Somewhere below, one line contains "Embedded thumbnail for" and a later line contains "1997 ALTEC LR42A". Output those two lines and everything between them exactly, and nothing else.

Top of RECORDS PROVIDED

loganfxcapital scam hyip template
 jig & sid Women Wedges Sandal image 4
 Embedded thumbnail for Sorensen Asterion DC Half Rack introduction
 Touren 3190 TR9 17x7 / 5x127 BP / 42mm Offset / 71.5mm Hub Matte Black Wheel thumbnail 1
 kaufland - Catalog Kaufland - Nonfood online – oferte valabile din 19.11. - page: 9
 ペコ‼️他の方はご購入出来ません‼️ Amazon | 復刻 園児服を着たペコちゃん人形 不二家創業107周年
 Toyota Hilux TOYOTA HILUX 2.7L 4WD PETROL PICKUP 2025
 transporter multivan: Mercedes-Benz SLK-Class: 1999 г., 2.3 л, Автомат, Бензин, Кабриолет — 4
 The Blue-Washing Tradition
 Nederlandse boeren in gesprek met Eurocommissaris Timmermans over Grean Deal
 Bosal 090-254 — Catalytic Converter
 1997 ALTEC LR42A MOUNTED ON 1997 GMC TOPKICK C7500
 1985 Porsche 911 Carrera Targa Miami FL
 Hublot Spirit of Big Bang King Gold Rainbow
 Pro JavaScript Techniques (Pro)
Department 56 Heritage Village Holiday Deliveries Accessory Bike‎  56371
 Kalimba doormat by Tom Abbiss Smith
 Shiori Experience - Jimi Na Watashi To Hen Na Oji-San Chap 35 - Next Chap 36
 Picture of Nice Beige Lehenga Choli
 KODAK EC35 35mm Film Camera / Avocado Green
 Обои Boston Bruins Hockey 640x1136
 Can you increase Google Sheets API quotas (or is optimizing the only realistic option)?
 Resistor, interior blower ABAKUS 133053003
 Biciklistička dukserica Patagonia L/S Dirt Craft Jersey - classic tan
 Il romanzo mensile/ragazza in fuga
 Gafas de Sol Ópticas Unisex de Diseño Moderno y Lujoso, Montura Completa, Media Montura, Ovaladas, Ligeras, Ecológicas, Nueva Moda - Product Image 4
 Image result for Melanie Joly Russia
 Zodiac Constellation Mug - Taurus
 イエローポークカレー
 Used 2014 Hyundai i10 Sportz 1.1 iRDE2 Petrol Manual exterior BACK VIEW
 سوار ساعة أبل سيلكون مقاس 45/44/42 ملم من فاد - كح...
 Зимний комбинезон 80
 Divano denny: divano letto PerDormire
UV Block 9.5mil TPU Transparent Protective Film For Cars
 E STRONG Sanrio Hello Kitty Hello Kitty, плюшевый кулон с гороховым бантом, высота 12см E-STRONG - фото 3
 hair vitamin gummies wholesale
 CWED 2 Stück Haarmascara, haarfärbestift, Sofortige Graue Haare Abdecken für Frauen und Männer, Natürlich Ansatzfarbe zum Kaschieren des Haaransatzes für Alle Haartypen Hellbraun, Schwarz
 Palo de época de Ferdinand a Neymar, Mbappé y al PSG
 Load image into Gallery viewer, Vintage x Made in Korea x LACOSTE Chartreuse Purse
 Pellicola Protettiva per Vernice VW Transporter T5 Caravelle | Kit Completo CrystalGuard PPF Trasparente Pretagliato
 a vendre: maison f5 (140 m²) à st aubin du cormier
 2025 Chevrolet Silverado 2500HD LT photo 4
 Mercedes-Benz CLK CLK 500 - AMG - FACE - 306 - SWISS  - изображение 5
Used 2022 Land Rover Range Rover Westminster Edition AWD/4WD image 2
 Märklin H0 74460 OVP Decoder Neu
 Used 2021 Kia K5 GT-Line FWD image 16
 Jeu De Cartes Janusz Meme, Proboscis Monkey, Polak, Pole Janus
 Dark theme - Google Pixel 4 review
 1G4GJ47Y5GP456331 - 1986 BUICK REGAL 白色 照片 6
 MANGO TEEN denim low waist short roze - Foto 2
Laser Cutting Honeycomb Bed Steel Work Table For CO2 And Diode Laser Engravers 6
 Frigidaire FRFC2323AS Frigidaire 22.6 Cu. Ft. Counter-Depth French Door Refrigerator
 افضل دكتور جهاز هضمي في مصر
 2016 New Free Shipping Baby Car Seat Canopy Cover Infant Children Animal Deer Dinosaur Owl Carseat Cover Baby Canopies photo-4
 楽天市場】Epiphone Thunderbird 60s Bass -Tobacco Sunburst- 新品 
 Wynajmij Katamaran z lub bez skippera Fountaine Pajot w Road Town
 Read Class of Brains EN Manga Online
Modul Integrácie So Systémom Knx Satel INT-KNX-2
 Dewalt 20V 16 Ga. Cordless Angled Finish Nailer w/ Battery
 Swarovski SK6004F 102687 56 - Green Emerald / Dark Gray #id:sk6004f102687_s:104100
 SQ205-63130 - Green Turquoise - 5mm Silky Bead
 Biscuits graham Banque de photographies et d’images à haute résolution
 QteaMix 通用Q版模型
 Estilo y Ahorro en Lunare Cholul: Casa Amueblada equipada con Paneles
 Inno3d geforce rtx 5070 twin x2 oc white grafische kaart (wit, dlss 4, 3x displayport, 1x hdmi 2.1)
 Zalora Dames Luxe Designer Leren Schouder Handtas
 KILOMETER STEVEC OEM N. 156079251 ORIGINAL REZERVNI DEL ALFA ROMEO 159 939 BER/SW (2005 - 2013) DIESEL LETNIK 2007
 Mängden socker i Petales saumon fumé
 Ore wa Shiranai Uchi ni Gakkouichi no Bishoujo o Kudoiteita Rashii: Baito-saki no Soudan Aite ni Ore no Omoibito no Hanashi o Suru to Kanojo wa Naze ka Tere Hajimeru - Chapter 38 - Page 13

Bottom of RECORDS PROVIDED

(EXERCISE OUTPUT):
 Embedded thumbnail for Sorensen Asterion DC Half Rack introduction
 Touren 3190 TR9 17x7 / 5x127 BP / 42mm Offset / 71.5mm Hub Matte Black Wheel thumbnail 1
 kaufland - Catalog Kaufland - Nonfood online – oferte valabile din 19.11. - page: 9
 ペコ‼️他の方はご購入出来ません‼️ Amazon | 復刻 園児服を着たペコちゃん人形 不二家創業107周年
 Toyota Hilux TOYOTA HILUX 2.7L 4WD PETROL PICKUP 2025
 transporter multivan: Mercedes-Benz SLK-Class: 1999 г., 2.3 л, Автомат, Бензин, Кабриолет — 4
 The Blue-Washing Tradition
 Nederlandse boeren in gesprek met Eurocommissaris Timmermans over Grean Deal
 Bosal 090-254 — Catalytic Converter
 1997 ALTEC LR42A MOUNTED ON 1997 GMC TOPKICK C7500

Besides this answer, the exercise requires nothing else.